Starting in the mid-to-late 1990’s, I had the good fortune, and perhaps good sense, to read-study early products (chapters) of a multi-year project undertaken by The Brookings Institution titled ‘Understanding Intangible Sources of Value’. The principle investigators-authors of the project, several of whom I engaged at the time in discussion for clarity and insight, were a strong troupe of forward looking-thinking practitioners.
IA’s however, prompt debate, less today about their existence and contributions and more about how to value and report IA’s. In other words, conventional financial statements and balance sheets largely exclude or, at the very least, minimize the contributory role and value of IA’s. Thus, most portraits of a company’s financial wealth, health, potential, and competitive standing are, in my judgment, incomplete.

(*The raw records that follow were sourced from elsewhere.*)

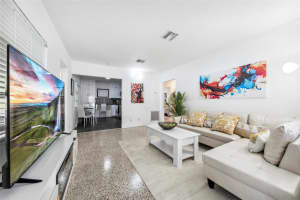 1420 Miami Rd C, Fort Lauderdale, FL 33316 - MLS#F10524737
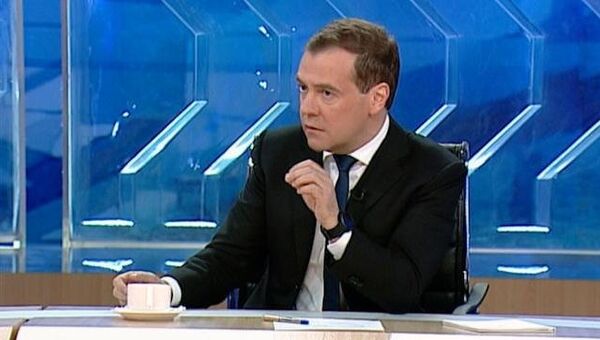 Медведев о Сердюкове, оппозиции и обысках по Болотному делу 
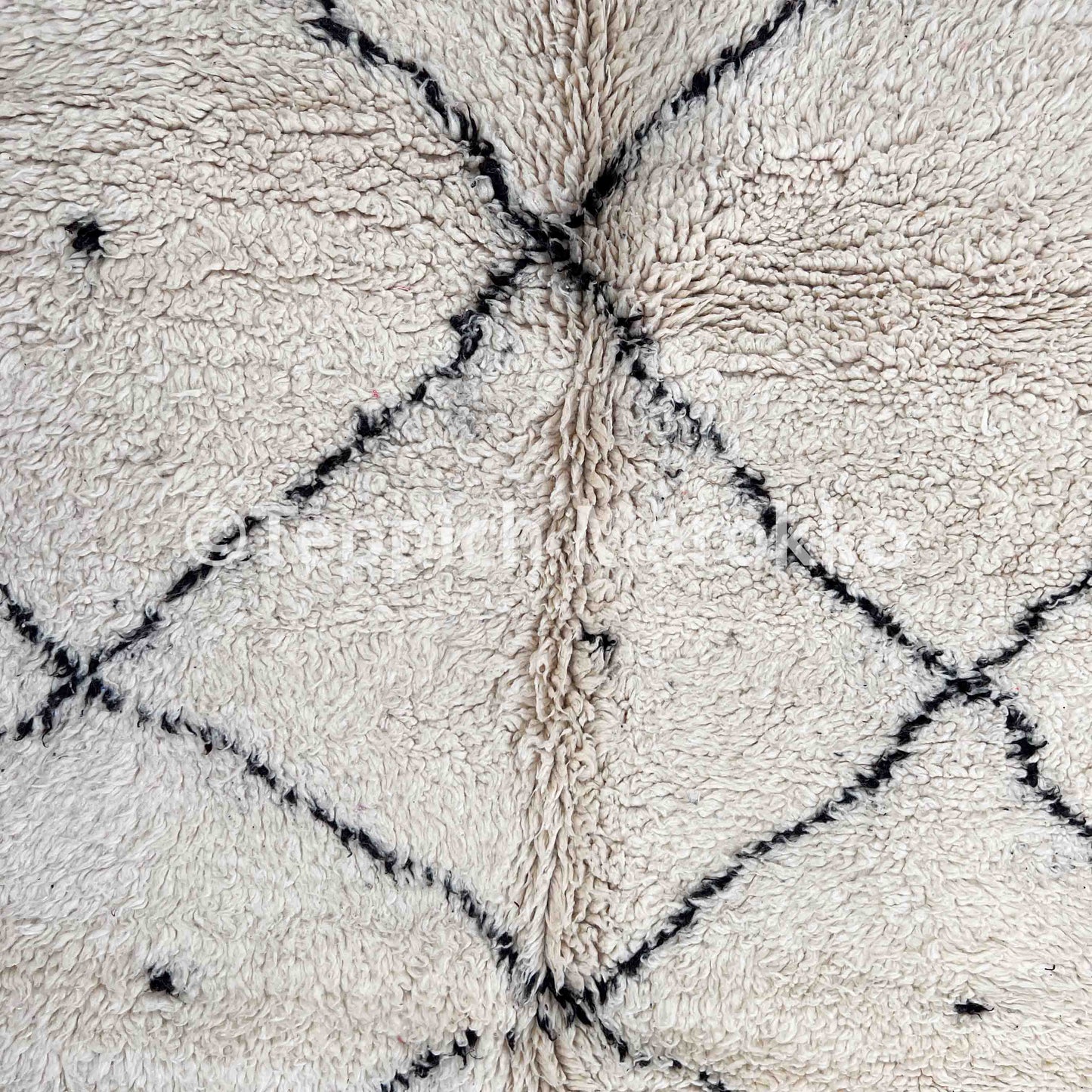 Azrou – Moroccan Rug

In the M&A arena, it’s important, more so today than perhaps ever before, to recognize that merely because an M&A has been proposed, appears promising, and has progressed to a conventional due diligence stage, does not constitute assurance that any of the projected-anticipated value, synergies, efficiencies, scalability, and competitive advantages are fully capturable, will materialize, or be sustainable. Therefore, IA specific (pre-post transaction) due diligence is a necessary component in deal consummation.
To reasonably assure projections and outcomes will materialize as intended, the due diligence must be sophisticated to recognize the IA’s in play, which includes identifying, unraveling, and assessing asset fragility, vulnerability, sustainability, and transferability in both pre, and post monitoring contexts. Transaction negotiations today are aggressive, competitive, predatorial, and generally manifest as winner-take-all outcomes. Under these circumstances, dismissing and/or relegating the posture and standing of key intangible assets to mere hope and trust is fiduciarily suspect at best.
I have had the privilege to engage many business strategists and decision makers in private conversation. I have no recollection of any disputing my advocacy for IA due diligence for transactions. Assuming these conversations are representative, it would seem prudent that IA’s would be duly considered in every business transaction process.
This post, in part, was inspired by Generational Equity piece titled ‘Precision Sourcing’.